*** Opening of Excerpted data ***

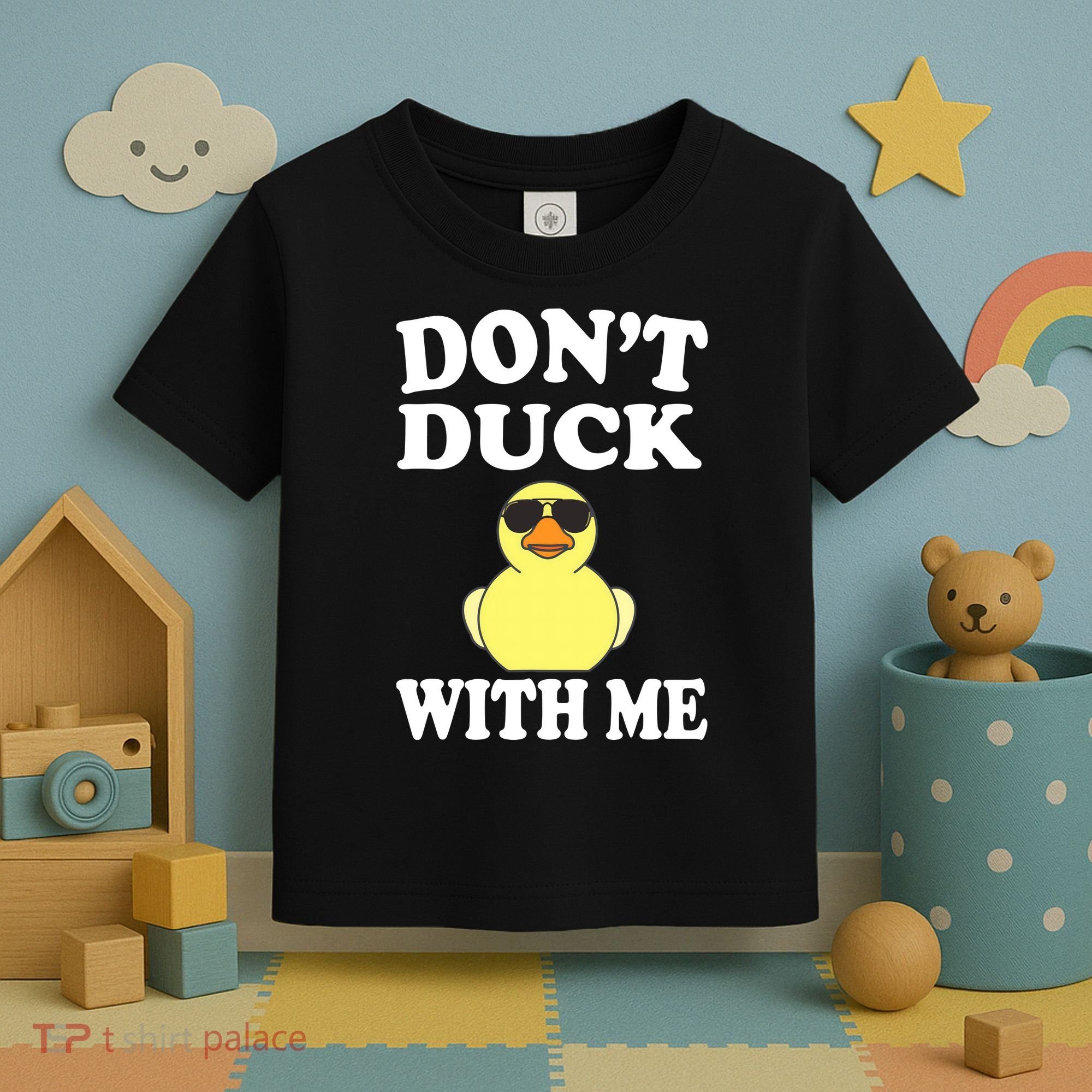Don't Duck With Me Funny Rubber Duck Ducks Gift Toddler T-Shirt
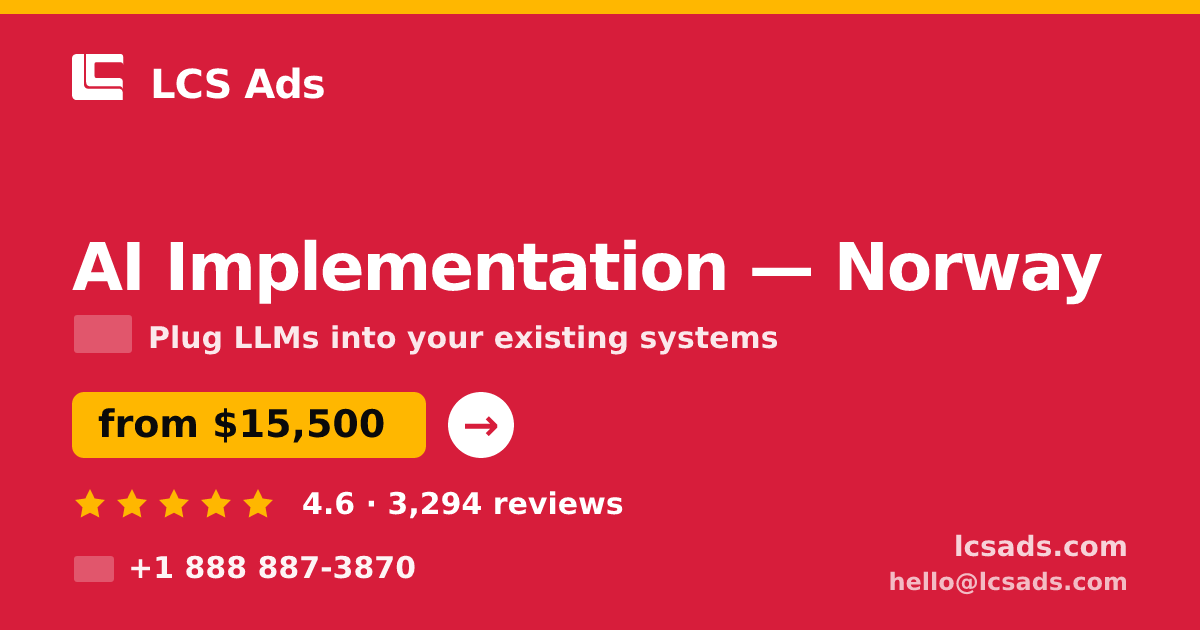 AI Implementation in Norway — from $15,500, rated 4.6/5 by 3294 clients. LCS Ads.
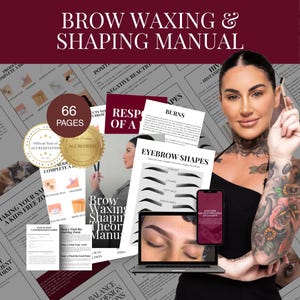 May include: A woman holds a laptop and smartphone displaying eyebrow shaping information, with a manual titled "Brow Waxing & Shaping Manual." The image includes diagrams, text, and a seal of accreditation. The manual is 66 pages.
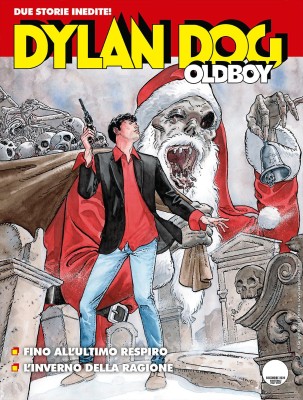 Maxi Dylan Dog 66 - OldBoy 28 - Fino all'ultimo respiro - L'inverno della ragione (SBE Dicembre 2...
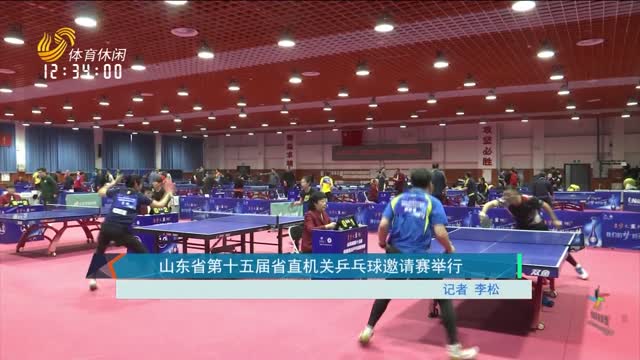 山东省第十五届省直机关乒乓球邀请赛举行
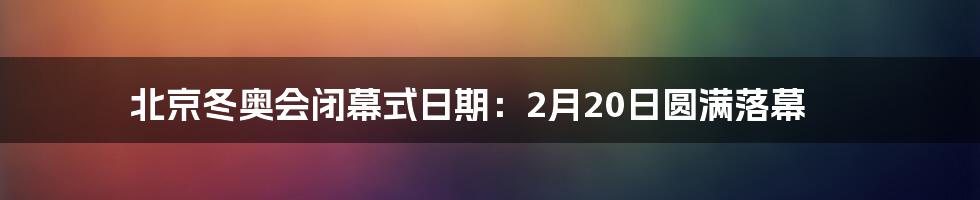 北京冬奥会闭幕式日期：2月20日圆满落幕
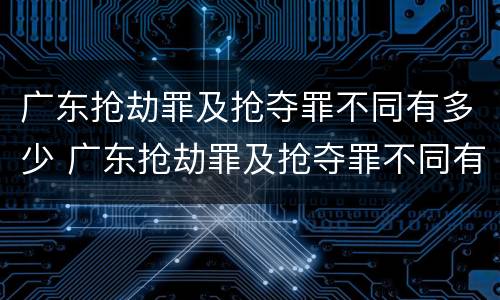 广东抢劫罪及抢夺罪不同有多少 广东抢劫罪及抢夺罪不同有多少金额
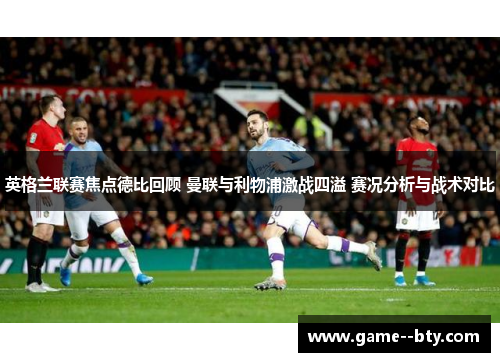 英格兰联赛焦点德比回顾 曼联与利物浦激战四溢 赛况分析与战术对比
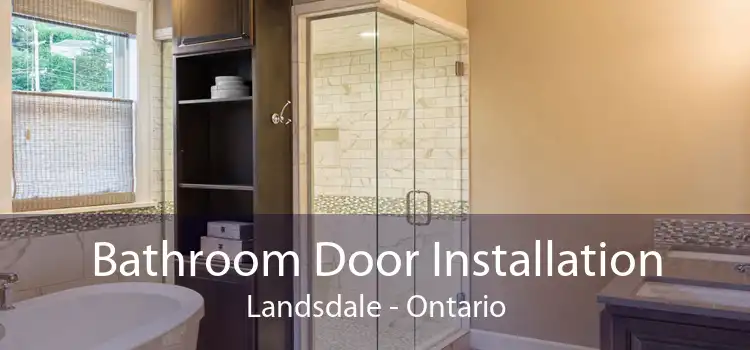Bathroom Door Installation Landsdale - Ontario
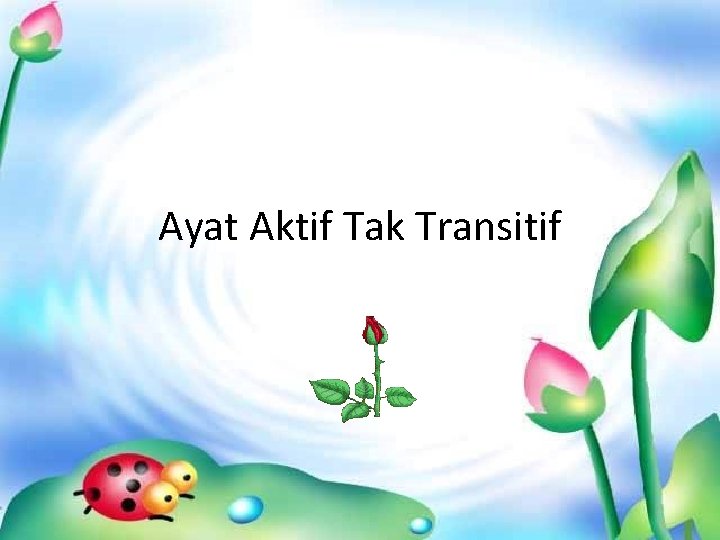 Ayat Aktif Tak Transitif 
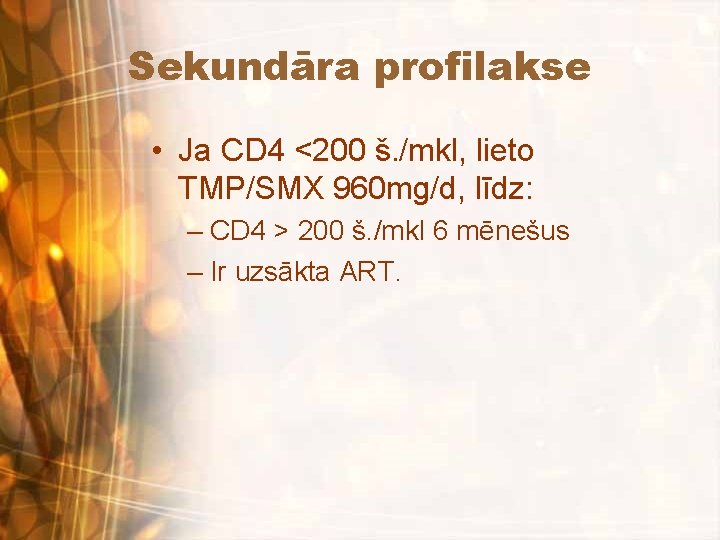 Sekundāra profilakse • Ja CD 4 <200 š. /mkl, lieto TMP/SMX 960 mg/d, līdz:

*** Close of Excerpted data ***

Exercise prompt ▸ Write out the whole listing exactly. Do not include the pictures.

Answer section ▸
Don't Duck With Me Funny Rubber Duck Ducks Gift Toddler T-Shirt
 AI Implementation in Norway — from $15,500, rated 4.6/5 by 3294 clients. LCS Ads.
 May include: A woman holds a laptop and smartphone displaying eyebrow shaping information, with a manual titled "Brow Waxing & Shaping Manual." The image includes diagrams, text, and a seal of accreditation. The manual is 66 pages.
 Maxi Dylan Dog 66 - OldBoy 28 - Fino all'ultimo respiro - L'inverno della ragione (SBE Dicembre 2...
 山东省第十五届省直机关乒乓球邀请赛举行
 北京冬奥会闭幕式日期：2月20日圆满落幕
 广东抢劫罪及抢夺罪不同有多少 广东抢劫罪及抢夺罪不同有多少金额
 英格兰联赛焦点德比回顾 曼联与利物浦激战四溢 赛况分析与战术对比
Bathroom Door Installation Landsdale - Ontario
 Ayat Aktif Tak Transitif 
 Sekundāra profilakse • Ja CD 4 <200 š. /mkl, lieto TMP/SMX 960 mg/d, līdz:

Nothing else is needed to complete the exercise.